Of course, the main appeal of a Nexus device is its bloatware-free “stock” version of Android; how Google intends the OS to be like, essentially. To see just how far Nexus smartphones have come, we take a look back at Nexus devices launched over the years.
Nexus One (2010)
It all started with the aptly named Nexus One. Made in partnership with HTC, it was the only Nexus smartphone from the Taiwanese company. Of course, as is the case for all Nexus smartphones, the One marked the debut of a new version of Android at the time: Android 2.1 Eclair. When it was released in 2010, the HTC One featured flagship specifications for its time, such as a 3.7-inch 800 x 480 AMOLED display, a Qualcomm Snapdragon S1 1GHz single-core processor paired with 512MB of RAM, 512MB of internal storage, and a microSD card slot, which made the One the only Nexus device with expandable storage.
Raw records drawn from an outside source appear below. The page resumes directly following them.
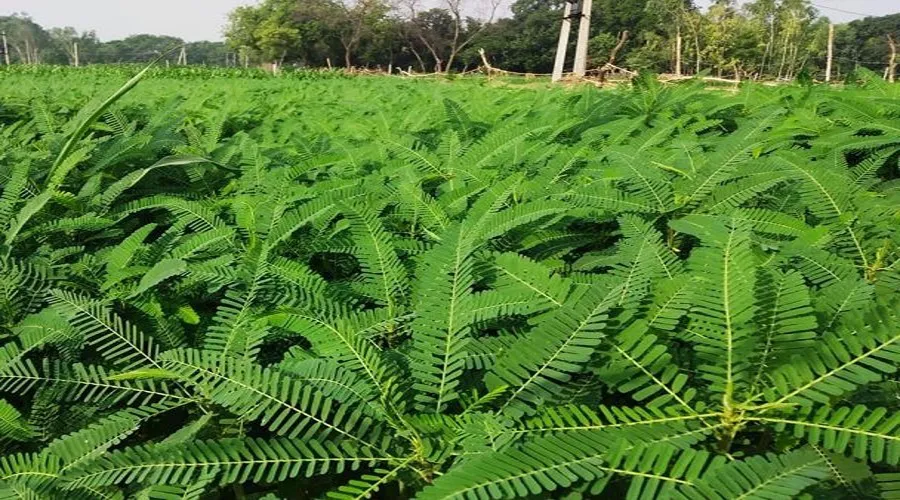 ढेंचा की फसल: खेत को पोषण भी और किसान की इनकम भी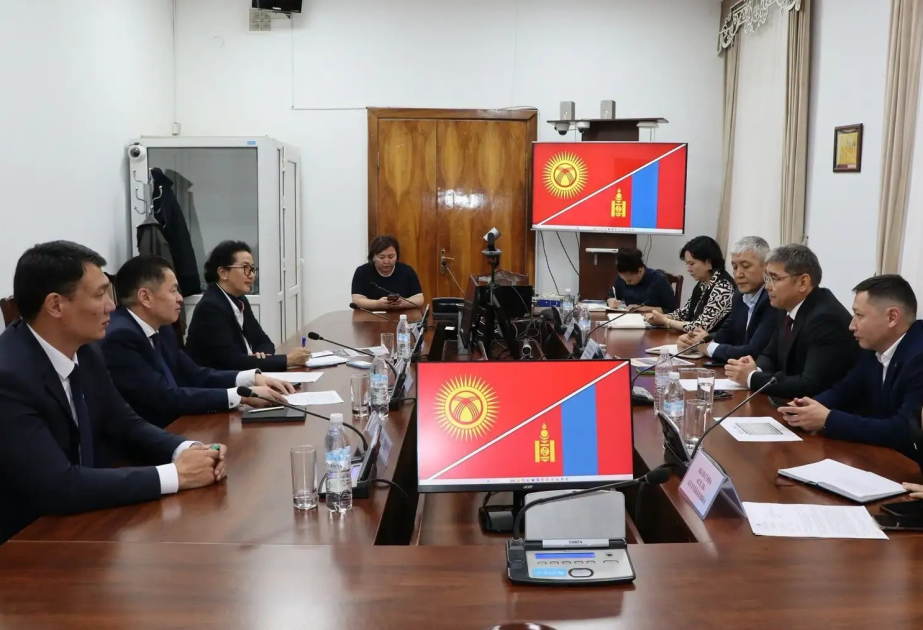 Kyrgyzstan, Mongolia to develop cooperation in pediatric cardiac surgery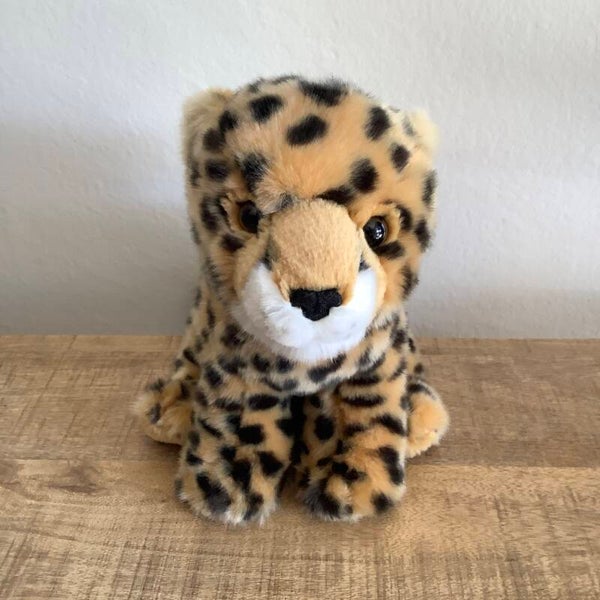 Nature planet luipaard cheeta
What made the Nexus One a particularly interesting smartphone is its trackball, which sort of acts like a mouse for the device. Those who owned a BlackBerry device with a similar trackball can definitely vouch for the usefulness of this small but convenient little hardware. Rounding out the specifications of the One are a 5MP rear camera and a 1,400mAh battery. Yes, the first Nexus device does not have a front-facing camera. “Selfie” wasn’t even a word back then.
Nexus S (Late 2010)
After the Nexus One came the two Nexus devices built by Samsung: the Nexus S and Galaxy Nexus, which were released in late 2010 and 2011 respectively. The former was the first device to run on Android 2.3 Gingerbread, and in terms of similarity, it was quite simply a rehash of Samsung’s own Galaxy S with several design changes here and there. The Nexus S had a 4.0-inch 800 x 480 Super AMOLED display, and ran on a Samsung Exynos 3110 1GHz single-core processor paired with 512MB of RAM, 16GB of non-expandable storage, with 5MP rear and VGA front-facing snappers, as well as a 1,500mAh battery.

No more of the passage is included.